I am not sure, in practice not theory, of how serious a threat this is to the conclusions. Many of the assumptions only effect the p values and confidence levels not the effect size. And there is disagreement if large sample size influences this. If you have a large sample size does it matter if there are serious violations of the assumptions.

It is a good point that the results might be influenced by heavy tailed results. I am not sure how bad that would be with hundreds of data points.
 

hlsmith

Omega Contributor
#9
The issue beyond the assumptions of using parametric models is that the underlying data generating process is never really known in these settings (real life data) and all models are wrong unless you generated these data yourself. Obviously what if the process is best defined by a general additive model or kernel based approach. Yeah you may get estimates in the ballpark, but they probably are lousey.
 

noetsi

Fortran must die
#11
No I don't have access to the program. You post information to it and it spits back results.

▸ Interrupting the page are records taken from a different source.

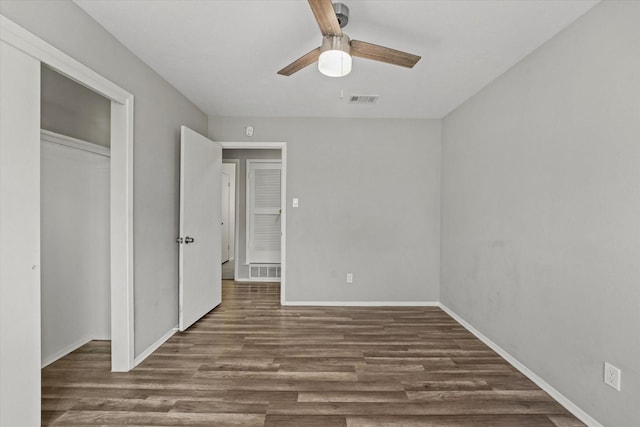 unfurnished bedroom featuring wood finished floors, a ceiling fan, visible vents, baseboards, and a closet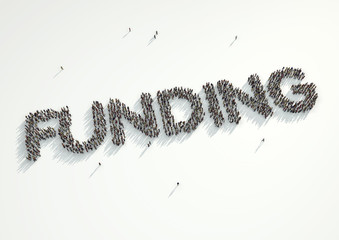 Aerial shot of a crowd of people forming the word Funding Concept for crowd funding platforms or projects that are supported financially by crowd funded websites.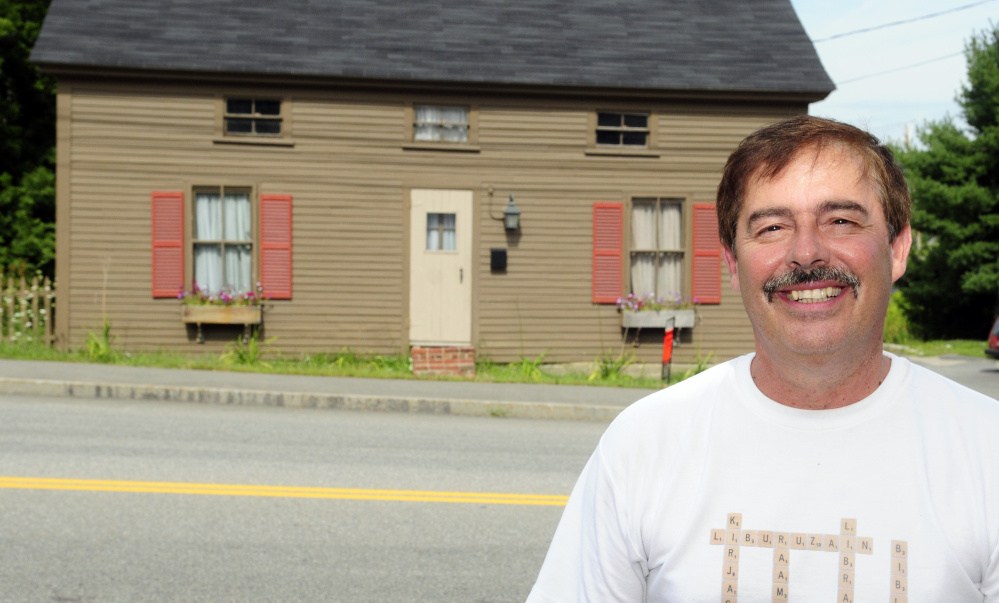 Larry Fleury stands beside 25 Bond St. on Thursday in Augusta, a property he bought for $1, renovated and is now offering for sale for $72,000.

I confirmed it does not test the regression assumptions.
 

j58

Active Member
#13
What is the point of this program? Any undergraduate whose had a single semester of linear algebra should be able to write a linear regression program with about 10 minutes of effort.
 
#14
We are considering getting a tool which runs linear regression without checking the assumptions of the method (the tool is automated, it generates linear regression based on data you put in including generating the report). The problem is that the tool does not check any regression assumptions
As we have said before, if you want to forget the assumptions then you can also forget to infer something from the data.

You input data in the computer and the computer will show you numbers. That is all you can conclude. So, instead of forgetting about the assumptions, forget about that program.
 
#15
One of the big problems that I've seen is the misunderstanding that these things are "just calculations" and boil down to a black and white matter (not saying this is you, noetsi, but the people pushing the program). The violation may affect one conclusion in a material way and another in an immaterial way. The only way to know is by check the assumptions, applying reasonable remedies, and comparing results to see how serious a violation is for the question at hand.
 

hlsmith

Omega Contributor
#16
I would also wonder how the program would address collinearity, confounding, interactions, mediation, mediated-moderation, outliers, etc.